We designed and synthesized a novel copper (II) complex, [Cu(ambt)₂(cnbz)₂], using 2-amino-6-methoxybenzothiazole (ambt) and 2-chloro-5-nitrobenzoic acid (cnbz) as ligands. Single-crystal X-ray diffraction (XRD), IR (infrared) spectra along with elemental analysis were employed to characterize its structure. Single-crystal XRD analysis illustrated the copper (II) complex belonged to the triclinic crystal system, space group P-1 and formed mononuclear hexa-coordinated structure. Electronic absorption, fluorescence spectrum and viscosity analysis were employed to assess the binding properties of the complex with CT-DNA (calf thymus DNA), as well as HSA (human serum albumin). The calculated binding constants K_a were 5.89 × 10⁴ M⁻¹ and 3.31 × 10⁶ M⁻¹ for CT-DNA and HSA, respectively, implying that complex [Cu(ambt)₂(cnbz)₂] displays intercalative bindings with CT-DNA and HSA. It also statically quenched CT-DNA/HSA fluorescence. CCK-8 assay revealed that compared to cisplatin, the complex exerts greater anti-proliferative influence against HepG2, HeLa and A549 cell lines. Flow cytometry revealed that [Cu(ambt)₂(cnbz)₂] arrested the cycle of HepG2 cells at G0/G1 phase, inducing apoptosis / necrosis. The degree of apoptosis / necrosis and inhibition of cell cycle is dose-, as well as time-dependent.

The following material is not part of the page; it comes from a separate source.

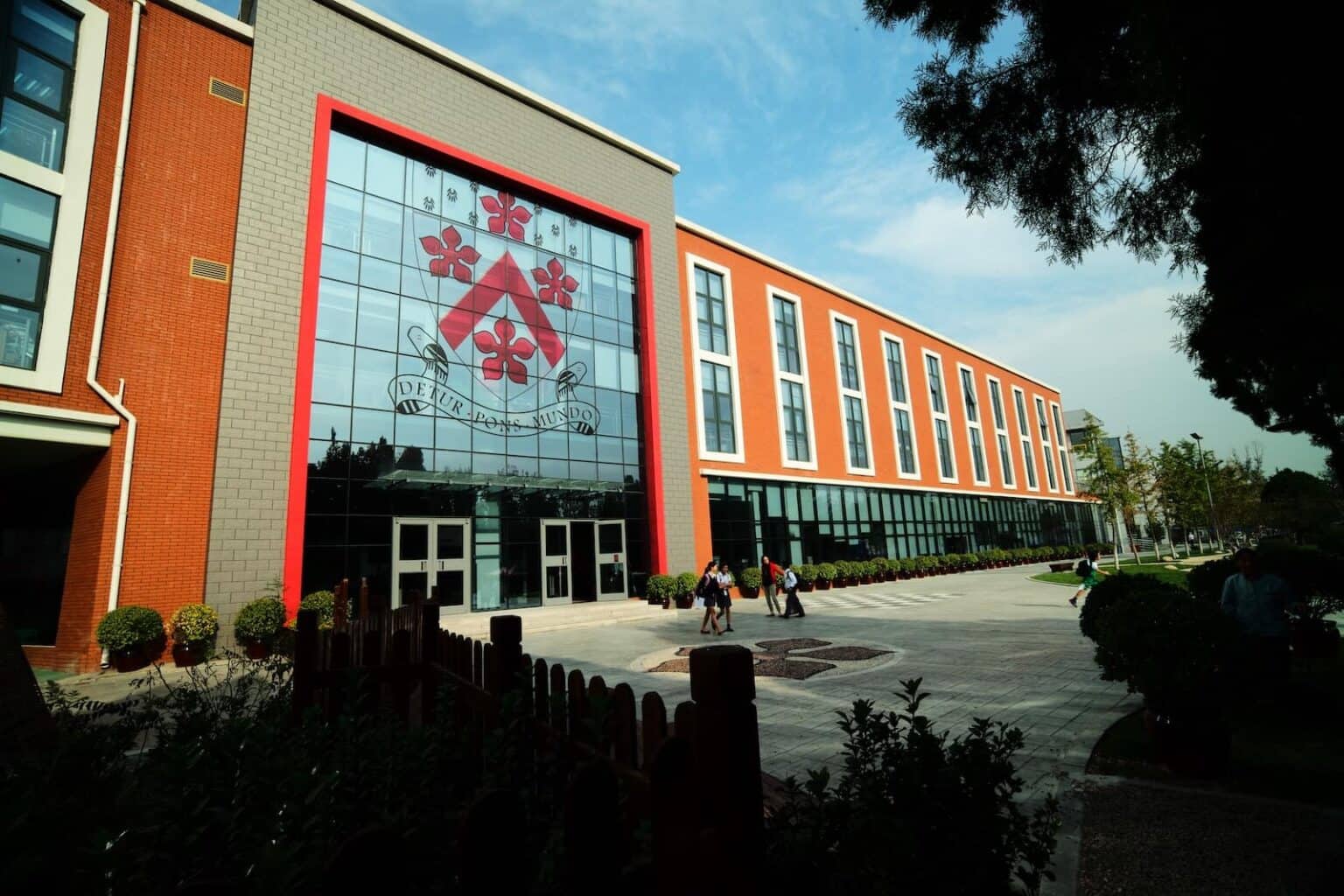 Exterior view of Dulwich College Beijing campus with modern architecture and large glass windows.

我们设计并合成了一种新型铜 (II) 配合物 [Cu(ambt) ₂ (cnbz) ₂ ]，使用 2-氨基-6-甲氧基苯并噻唑 (ambt) 和 2-氯-5-硝基苯甲酸 (cnbz) 作为配体。采用单晶 X 射线衍射 (XRD)、IR (红外) 光谱以及元素分析来表征其结构。单晶XRD分析表明铜(II)配合物属于三斜晶系，空间群P-1，形成单核六配位结构。采用电子吸收、荧光光谱和粘度分析来评估复合物与 CT-DNA（小牛胸腺 DNA）以及 HSA（人血清白蛋白）的结合特性。计算的结合常数K _aCT-DNA 和 HSA 分别为 5.89 × 10 ⁴ M ^-1和 3.31 × 10 ⁶ M ^-1，这意味着复合物 [Cu(ambt) ₂ (cnbz) ₂ ] 显示出与 CT-DNA 和 HSA 的嵌入结合。它还静态猝灭 CT-DNA/HSA 荧光。CCK-8 测定显示，与顺铂相比，该复合物对 HepG2、HeLa 和 A549 细胞系具有更大的抗增殖影响。流式细胞术显示[Cu(ambt) ₂ (cnbz) ₂ ]在G0/G1期阻滞HepG2细胞的周期，诱导细胞凋亡/坏死。细胞凋亡/坏死和细胞周期抑制的程度是剂量和时间依赖性的。